Analyzing Everclear: An Indispensable Settlement Layer Under the Chain Abstraction Narrative

Everclear stated that the significance of the Beta phase lies in providing more real and accurate data for the system's operation. Once all functions have been thoroughly tested, Everclear will transition from the Beta phase to the official phase and expand to more networks, integrating more cross-chain protocols.

Compared to the progress on the product level, the market may be more concerned about the utility upgrade of Everclear's protocol token, NEXT.

According to Everclear's latest announcement, NEXT will adopt a vb governance model in the future, allowing token holders to stake NEXT as vbNEXT. The latter can not only participate in the distribution of Everclear's protocol revenue but also guide the inter-chain transfer of liquidity through governance.

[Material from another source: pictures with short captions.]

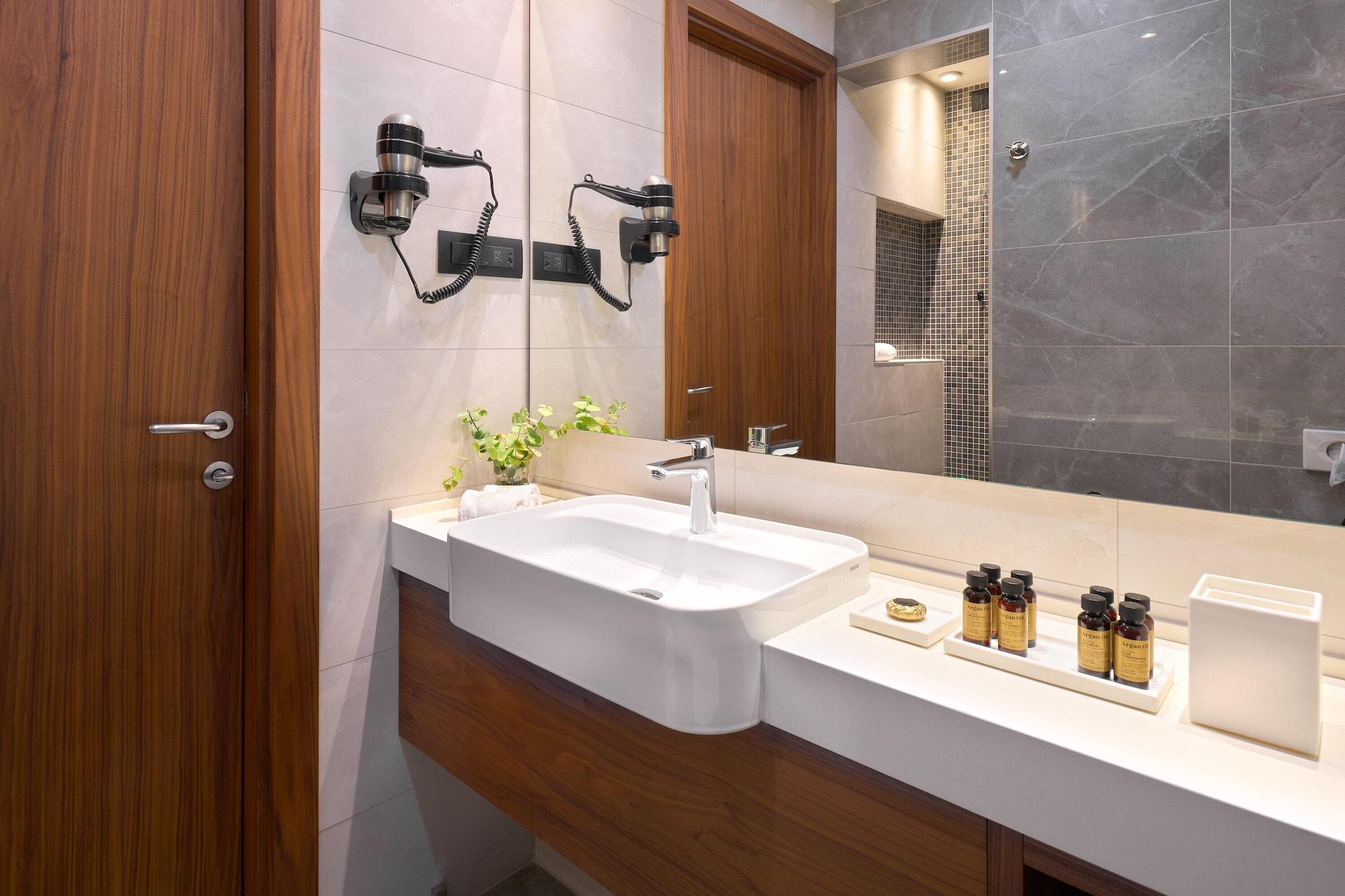 Double Single with Balcony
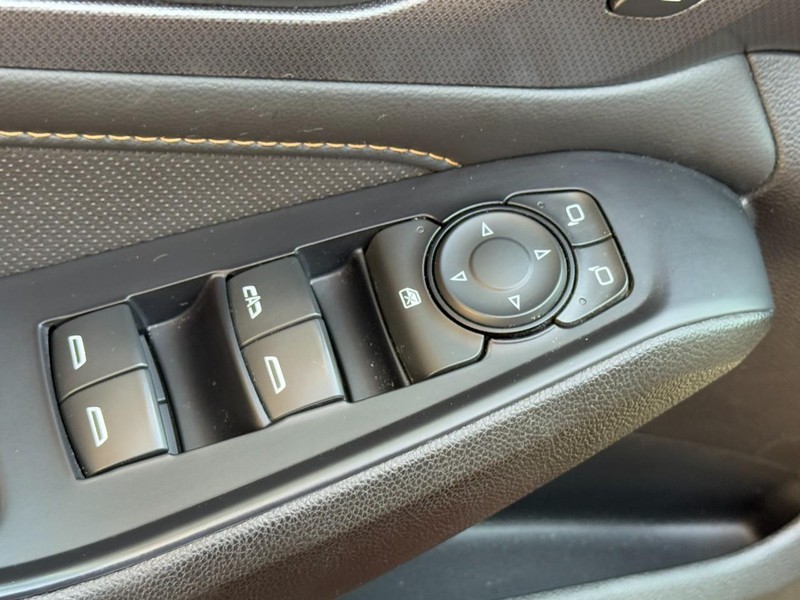 Chevrolet Traverse Vehicle Full-screen Gallery Image 26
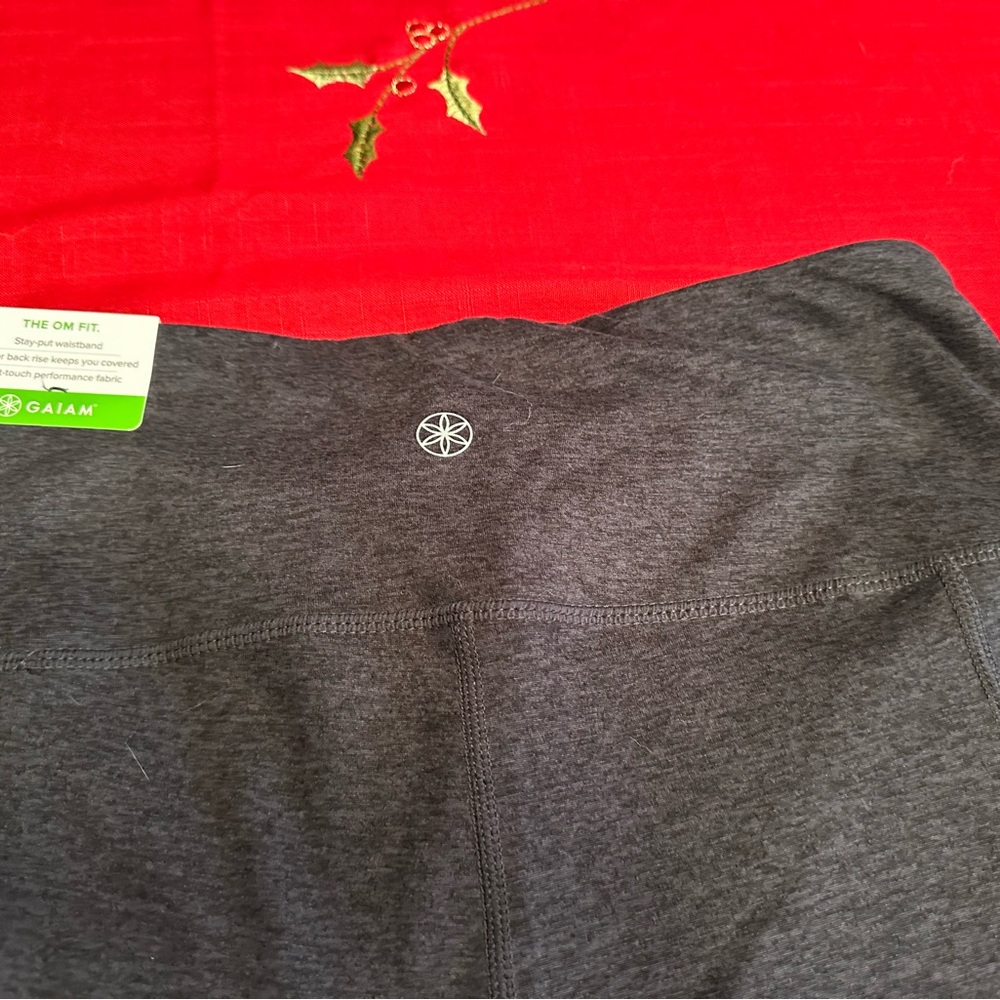 COPY - Gaiam 7/8 legging NWT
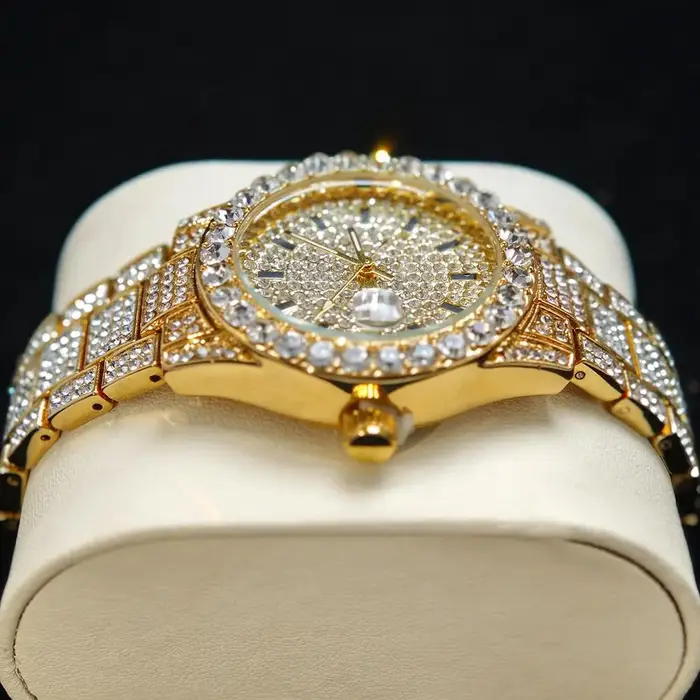 2025 mode chaude montres en or femmes de luxe en acier inoxydable élégant diamant glacé bijoux Quartz montre-bracelet dames livraison directe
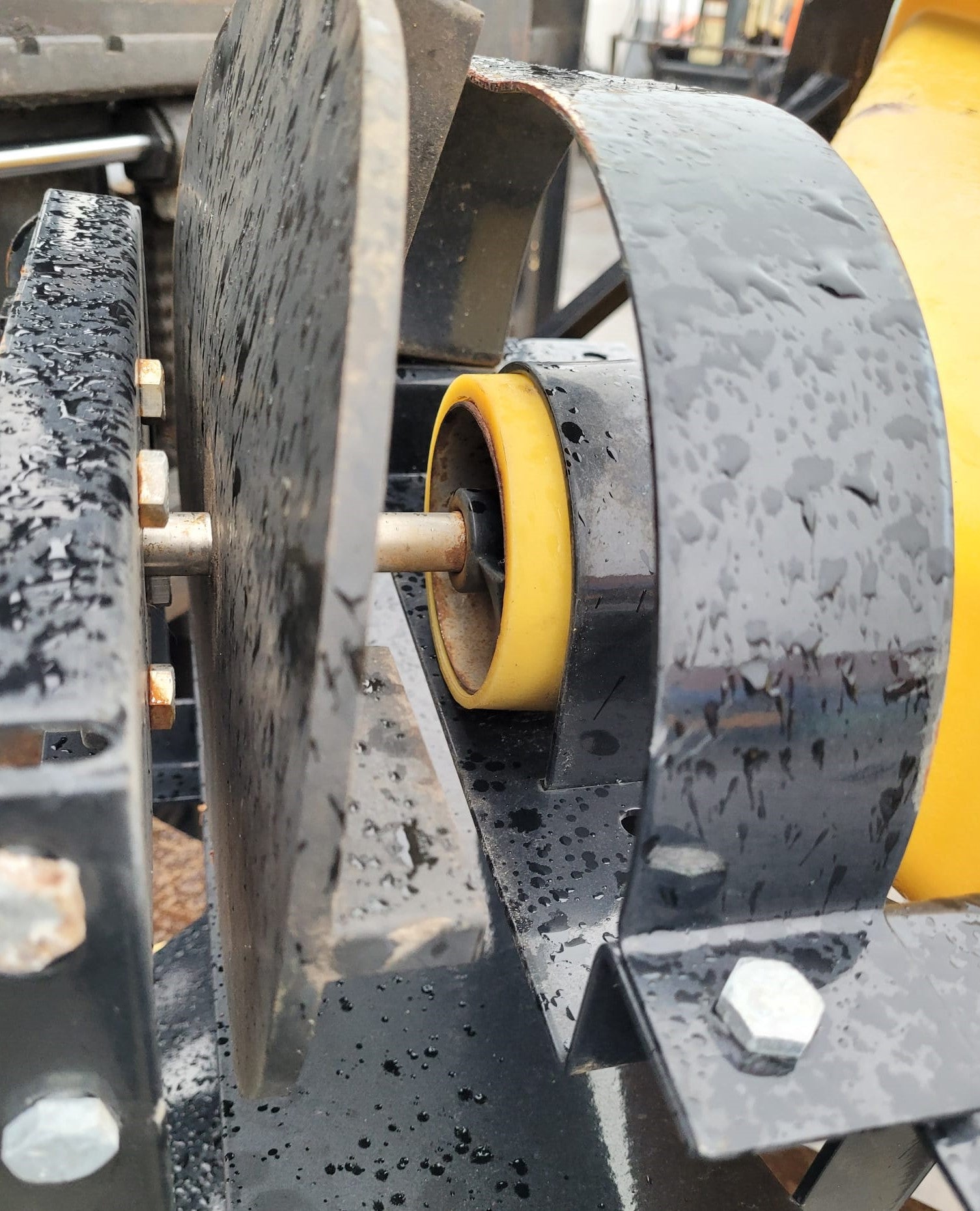 Fisher 1000 Low Profile Tailgate Spreader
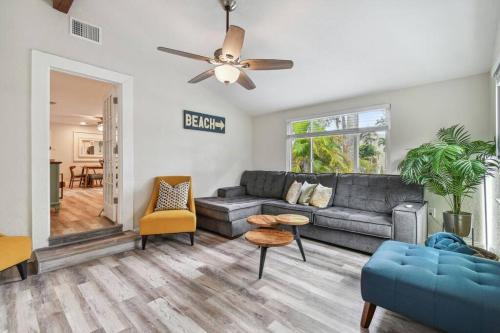 Family Friendly Beach Escape - Modern Retreat near Beaches - Sleeps 6 - Fast WiFi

Everclear revealed that the vb governance model is designed based on Curve Finance's ve governance model, but focuses on the new scenario of liquidity settlement. Specifically, vbNEXT can direct token incentives towards specific chains or paths through voting, thereby utilizing higher yields to adjust the demand for liquidity transfer between chains—this easily brings to mind the Curve War period when various stablecoins competed to accumulate CRV to attract higher liquidity. Perhaps in the future, we will also see various networks or bridging protocols accumulating NEXT to attract higher liquidity…

Protocol + Token, Unlocking Imagination

In summary, Everclear's rebranding may be one of the most thorough positioning upgrades in the history of cryptocurrency.

On the protocol level, Everclear has stepped out of the fiercely competitive bridging protocol arena and positioned itself as the unique settlement layer in the current crypto world. By capturing the core pain points it faced as a bridging protocol, Everclear is expected to rapidly expand its services to more networks and more cross-chain protocols, transforming from an independent protocol into a large and closely linked ecosystem.

On the token level, the utility of NEXT has received a qualitative upgrade under Everclear's new narrative, making it a key medium for influencing liquidity balance between chains. This is expected to amplify the real demand for NEXT, providing a more solid value support for the token.

Looking ahead, as the concept of chain abstraction becomes increasingly popular, the necessity of Everclear as a settlement layer will become more pronounced, and that may mark the true value discovery period for it.